*** Data to examine ***

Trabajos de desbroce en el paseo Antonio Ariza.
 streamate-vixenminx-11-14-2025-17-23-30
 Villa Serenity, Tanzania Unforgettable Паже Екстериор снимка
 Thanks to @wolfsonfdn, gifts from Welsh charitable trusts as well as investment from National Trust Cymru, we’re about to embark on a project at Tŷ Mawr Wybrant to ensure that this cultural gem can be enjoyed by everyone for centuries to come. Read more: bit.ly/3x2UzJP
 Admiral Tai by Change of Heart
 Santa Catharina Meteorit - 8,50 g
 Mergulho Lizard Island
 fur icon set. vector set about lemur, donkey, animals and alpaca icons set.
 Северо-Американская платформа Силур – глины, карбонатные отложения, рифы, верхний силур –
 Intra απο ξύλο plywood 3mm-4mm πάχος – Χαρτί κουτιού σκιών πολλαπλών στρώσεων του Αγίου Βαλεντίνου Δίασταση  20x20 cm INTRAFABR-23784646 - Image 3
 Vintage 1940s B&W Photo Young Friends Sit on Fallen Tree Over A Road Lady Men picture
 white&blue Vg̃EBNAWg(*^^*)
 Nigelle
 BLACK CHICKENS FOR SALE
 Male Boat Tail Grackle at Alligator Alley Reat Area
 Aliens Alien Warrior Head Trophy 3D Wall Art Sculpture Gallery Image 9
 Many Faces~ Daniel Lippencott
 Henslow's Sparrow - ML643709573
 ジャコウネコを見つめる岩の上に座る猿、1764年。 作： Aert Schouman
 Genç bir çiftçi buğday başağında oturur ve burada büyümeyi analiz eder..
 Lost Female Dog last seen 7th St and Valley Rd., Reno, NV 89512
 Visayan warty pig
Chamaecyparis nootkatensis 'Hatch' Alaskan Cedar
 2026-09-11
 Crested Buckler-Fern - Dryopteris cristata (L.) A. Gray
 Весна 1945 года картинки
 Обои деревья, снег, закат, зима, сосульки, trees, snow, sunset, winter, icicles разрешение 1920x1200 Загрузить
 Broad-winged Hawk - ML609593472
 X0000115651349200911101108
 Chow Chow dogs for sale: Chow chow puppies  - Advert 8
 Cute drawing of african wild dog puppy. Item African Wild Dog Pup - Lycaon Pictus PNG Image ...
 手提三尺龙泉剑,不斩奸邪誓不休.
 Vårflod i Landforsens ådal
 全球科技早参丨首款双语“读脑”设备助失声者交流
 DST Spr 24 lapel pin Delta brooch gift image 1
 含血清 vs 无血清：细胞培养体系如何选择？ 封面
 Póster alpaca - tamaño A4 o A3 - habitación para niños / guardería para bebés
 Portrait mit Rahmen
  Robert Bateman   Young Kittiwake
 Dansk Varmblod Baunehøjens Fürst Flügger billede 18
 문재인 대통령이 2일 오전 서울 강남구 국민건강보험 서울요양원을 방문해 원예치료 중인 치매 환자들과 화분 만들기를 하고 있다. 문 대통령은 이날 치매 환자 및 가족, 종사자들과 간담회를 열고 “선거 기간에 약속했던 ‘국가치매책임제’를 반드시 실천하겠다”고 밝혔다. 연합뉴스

*** End of Data to examine ***

» Task to carry out
Could you return every line from the entries above in which the string "alpaca" occurs?

» Solution to this exercise
 fur icon set. vector set about lemur, donkey, animals and alpaca icons set.
 Póster alpaca - tamaño A4 o A3 - habitación para niños / guardería para bebés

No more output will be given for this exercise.